Gen düzenleme uygulamalarındaki hızlı yayılma, doğal olarak ekonomileri yüksek, geniş alanlarda ekilen tarla bitkilerinde öncelikle öne çıkmaktadır. Nitekim çeltik 29, mısır 10, patates 6, buğday 6, soya 4 ve kolza 4 araştırma ile ilk sıraları alırken, portakaldan incire, domatesten marula ve hatta süs bitkileri dahil birçok meyve ve sebzede, söz konusu araştırmalar süregelmektedir.
Yeni ıslah tekniklerini kullanan araştırıcıların, örneğin buğdaygillerde başak boyu, başak sayısı, dane iriliği gibi verimi artıracak agronomik karakterlere öncelikle ve yoğun olarak yönelecekleri muhakkak. Kolzada ise dane dökmeye dayanıklılık öne çıkabilir. Yandaki çizelgeden de anlaşılabileceği gibi birçok ıslah hedefi listelenebilir. Kalitenin artırılması ile ilgili olarak buğdayda glüten oranının düşürülmesi, soyada yağ kalitesinin iyileştirilmesi, çeltikte arsenik oranının düşürülmesi örnekleri verilebilir. Biyotik koşullara dayanıklılıkla ilgili olarak buğday, arpa ve mısırda mildiyö, külleme gibi hastalıklara dayanıklılıktan söz edebiliriz.
Yine çeltikte tuza, mısırda ve buğdayda kurağa, soyada tuza ve kurağa dayanıklılık abiyotik koşullar için örneklerdir.
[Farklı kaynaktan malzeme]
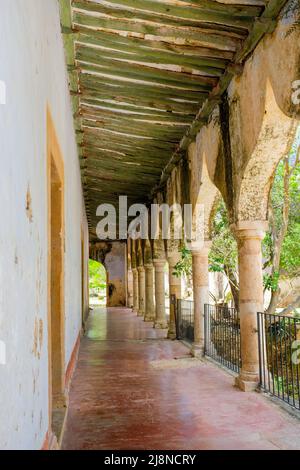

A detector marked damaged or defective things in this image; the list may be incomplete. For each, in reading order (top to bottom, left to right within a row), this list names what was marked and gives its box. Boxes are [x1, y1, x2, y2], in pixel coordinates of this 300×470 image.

peeling paint wall [0, 0, 88, 448]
Dünya tarımsal ürün üretim ve ticaretinde söz sahibi olmak isteyen ülkelerin gen düzenleme yöntemleri ile pazara neler sürmek üzere olduklarına bir göz atalım:
-Japonya'da tohumsuz domates;
-ABD' de depolamada sorunu devreden çıkaran patates;
-Kanada' da yabancı ot ilacına dayanıklı çeltik ve keten;
-İspanya'da düşük glutenli buğday;
-ABD'de yabancı ot ilacına dayanıklı kolza, kurağa ve tuza dayanıklı soya, yağ içeriği yüksek ketencik, çiçeklenmesi geciktirilen tilki darı, yüksek amilopektinli mısır, kararmayan mantar, düşük acrilamitli patates, yüksek lifli buğday, hazmı iyileştirilen yonca;
-Çin'de küllemeye dayanıklı buğday;
-Japonya'da raf ömrü uzatılmış domates.
Türk bitki ıslahçılarının da bu yeni yöntemlerle, moleküler biyologları da devreye sokarak, yerli ve milli çeşitlerimizi geliştirmeye başlamalarını umarız.